Quotes From The Book - part 4 - The Staff Engineer's Path¶
Over the past two years I had the chance to read a bunch of data-related books on the O'Reilly learning platform: what follows is a collection of quotes from "The Staff Engineer's Path" by Tanya Reilly that captured my attention or hit hard because they were highly relatable.
The Staff Engineer's Path¶
1. What Exactly Would You Say You Do Here?¶
The work that’s most important will often be the work that nobody else sees.
A scope too narrow
When you started out as an engineer, your manager probably told you what to work on and how to approach it. At senior level, maybe your manager advised you on which problems were important to solve, and left it to you to figure out what to do about it. At staff+ levels, your manager should be bringing you information and sharing context, but you should be telling them what’s important just as much as the other way around.
Maybe now you’re convinced that engineers should do this big-picture, big-project, good-influence stuff, but here’s the problem: they can’t do it on top of the coding workload of a senior engineer. Any hour you’re writing strategy, reviewing project designs, or setting standards, you’re not coding, architecting new systems, or doing a lot of the work a software engineer might be evaluated on. If a company’s most senior engineers just write code all day, the codebase will see the benefit of their skills, but the company will miss out on the things that only they can do. This kind of technical leadership needs to be part of the job description of the person doing it. It isn’t a distraction from the job: it is the job.
Why Do We Need Engineers Who Lead Projects That Cross Multiple Teams?
huge decisions can end up being subtle, and they’re often controversial, so essential to making the decision is being able to share context and help others make sense of it
Job ladders vary from company to company, enough that it’s given rise to a website, levels.fyi, that compares technical track ladders across companies.
2. Three Maps¶
If your organization has published a statement of values or principles, that can help you see what the leaders care most about. But these values are aspirational: the real values of the company are reflected in what actually happens every day.
Engineers sometimes dismiss organizational skills as “politics,” but these skills are part of good engineering: considering the humans who are part of the system, being clear about the problem you’re solving, understanding long-term consequences, and making trade-offs about priorities.

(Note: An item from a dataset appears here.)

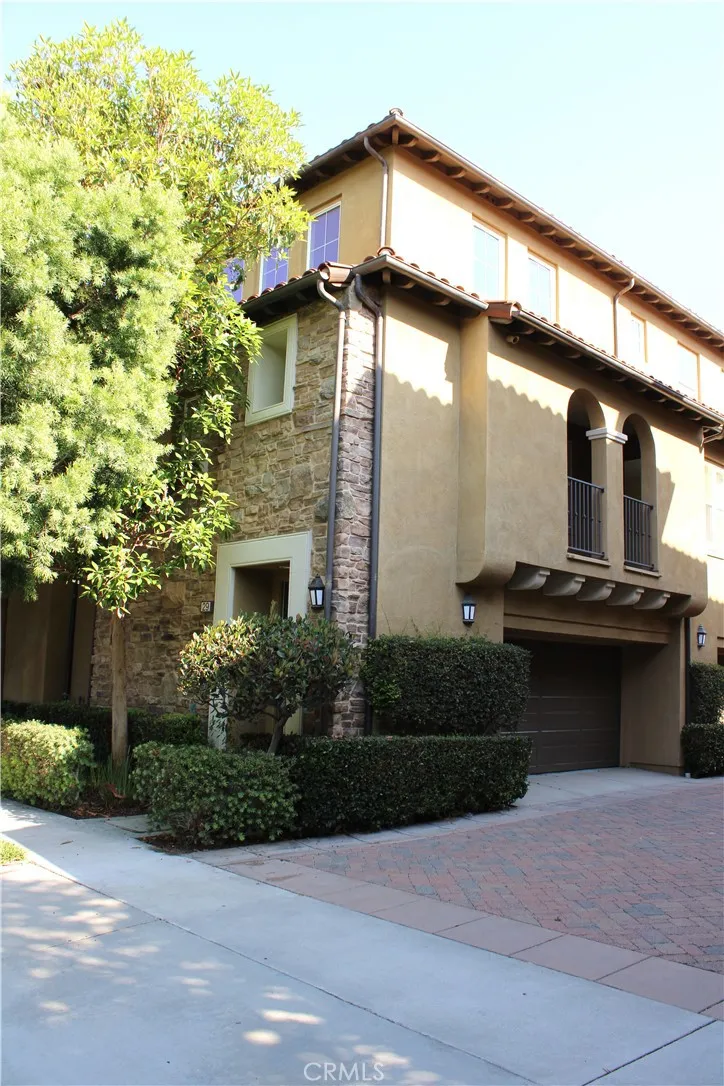 Irvine, CA 92603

3. Creating the Big Picture¶
the process of nemawashi, one of the pillars of the Toyota Production System. It means sharing information and laying the foundations so that by the time a decision is made, there’s already a consensus of opinion.11 If there’s someone who’ll need to give a thumbs-up to your plan, you’ll want those people to show up to any decision-making meeting already convinced that the change is the right thing to do. I’ve always framed this as “Don’t call for a vote until you know you have the votes,” but I was delighted to learn that there’s a word for it.
But the key is that you decide not to decide. You add “make no decision (status quo)” to your list of options and deliberately choose it. You don’t just throw up your hands and walk away.

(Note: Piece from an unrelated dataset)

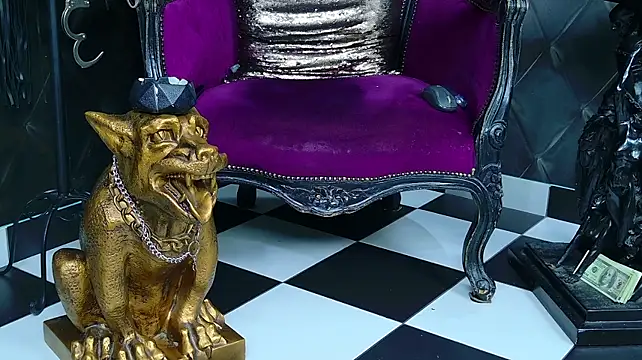Chat +18 de FinDomKaya ao vivo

One of the best ways I’ve seen to clarify trade-offs is to compare two positive attributes of the outcome you want. I’ve heard these called even over statements. When you say “We will optimize for ease of use even over performance” or “We will choose long-term support even over time to market,” you’re saying, (to quote “The Agile Manifesto”), “While there is value in the items on the right, we value the items on the left more.” This framing makes the trade-offs clear.
Interviewing has another benefit: it shows the interviewees that you value their ideas and intend to include them in what you write. You’ll hear about problems that you hadn’t considered and new opinions about problems you already know about. Other people may disagree with you about what the biggest problems are. Have an open mind and take their thoughts seriously
When you’re choosing between Option A and Option B, there’s an implicit third option, C: don’t decide. People often default to Option C, because it lets them stay on the fence and not upset anyone. This is the worst thing you can do.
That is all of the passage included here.